I would definitely pick Lincoln. It is central to everything- right off 93. A hop, skip and a jump into Franconia Notch and the White Mountains and Mt. Washington. Easy access to the Kanc - an experience in and of itself. And you can drive straight through on the Kanc to North Conway, too. (North Conway is very crowded in summer.) Lost River and Woodstock nearby. There is a local theater guild. There is a movie theater, supermarket and other shopping and a few restaurants making it very convenient.

We always take a run down to the Lakes Region- about an hour away- to Winnepausuake and Squam. Over the years we have taken a lot of trips from Lincoln to other parts of NH as well.

For lodging, in Lincoln you have Pollard Brook, where we own, and South Mountain- which is really nice and has the walkability factor. Of course, Loon is there as well.Nothing is like Smuggs, but Pollard Brook offers a few low-fee based activities. But you can do most everything on your own. The pools are nice at PB and SM. They have good gyms and game rooms as well.

Have fun!


----------



## pedro47 (Feb 7, 2016)

mpumilia said:


> We went a long time ago, but it was in April for Easter week. Really liked Williamsburg and the Jamestown archeological dig. Took a trip down to Virginia Beach. Then we also went to Busch Gardens. You can easily keep busy for a week.
> 
> We stayed at Powhaten Plantation.



To the OP, this is my opinion/suggestion only, if you are going to DRI/Powhatan Vacation Resort please ask for an updated villa.

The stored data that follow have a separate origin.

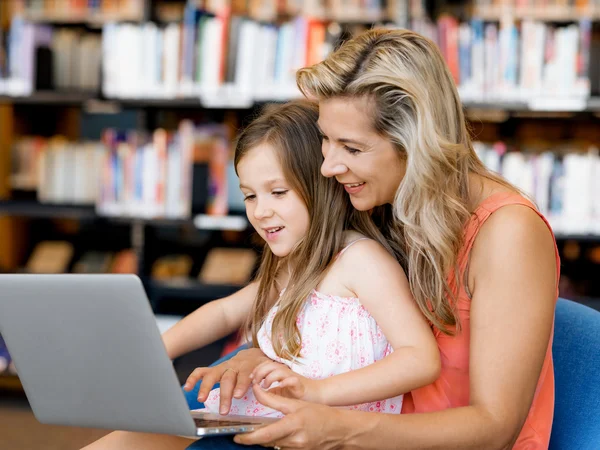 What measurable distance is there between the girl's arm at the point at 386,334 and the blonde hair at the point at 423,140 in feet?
0.11

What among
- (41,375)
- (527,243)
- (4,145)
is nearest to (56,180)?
(4,145)

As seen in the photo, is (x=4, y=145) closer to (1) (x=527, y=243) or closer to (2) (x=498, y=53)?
(2) (x=498, y=53)

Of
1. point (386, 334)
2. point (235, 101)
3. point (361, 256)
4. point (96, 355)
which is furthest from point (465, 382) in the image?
point (235, 101)

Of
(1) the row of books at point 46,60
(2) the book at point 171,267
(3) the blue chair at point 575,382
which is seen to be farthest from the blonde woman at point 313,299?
(1) the row of books at point 46,60

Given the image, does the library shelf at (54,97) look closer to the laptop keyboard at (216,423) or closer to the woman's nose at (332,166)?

Williamsburg is a very nice city to visit.


----------



## DaveNV (Feb 7, 2016)

missyrcrews said:


> I'm starting to do a little dreaming about summer 2018.  We'd like to take a "big" trip...somewhere a little further afield than New England.  I do NOT want to go to Florida/Disney.  What about Williamsburg?  I have a couple of history buffs in my passel of 4 kids.  What else is there to do in the area?  I know NOTHING about it.  Thanks for helping me dream a little!
> 
> And where would you stay?  We travel with 4 kids, though the oldest will be a junior in college by that point, and may not join us.





If you're going to consider a trip to Williamsburg, maybe consider adding a few days (or a second week) and venture a couple of hours south from there to see the Outer Banks of North Carolina.  Miles of beaches, Kitty Hawk, the Wright Brothers, and all that sort of thing.  Your kids would certainly enjoy a trip there.

I'm doing the same thing myself later this Spring.  Flying into DC, renting a car to drive down to southern Virginia and on to the Outer Banks for a week, then make our way back to DC for a second week. It'll be a great trip.

Dave


----------



## pedro47 (Feb 7, 2016)

BMWguynw said:


> If you're going to consider a trip to Williamsburg, maybe consider adding a few days (or a second week) and venture a couple of hours south from there to see the Outer Banks of North Carolina.  Miles of beaches, Kitty Hawk, the Wright Brothers, and all that sort of thing.  Your kids would certainly enjoy a trip there.
> 
> I'm doing the same thing myself later this Spring.  Flying into DC, renting a car to drive down to southern Virginia and on to the Outer Banks for a week, then make our way back to DC for a second week. It'll be a great trip.
> 
> Dave



To the OP during the summer months on the OBX(Outer Banks,NC) the population could reach up to 300,000.


----------



## Big Matt (Feb 7, 2016)

Seven days during the summer won't give you enough time to see everything unless you want to be worn out when you get home. 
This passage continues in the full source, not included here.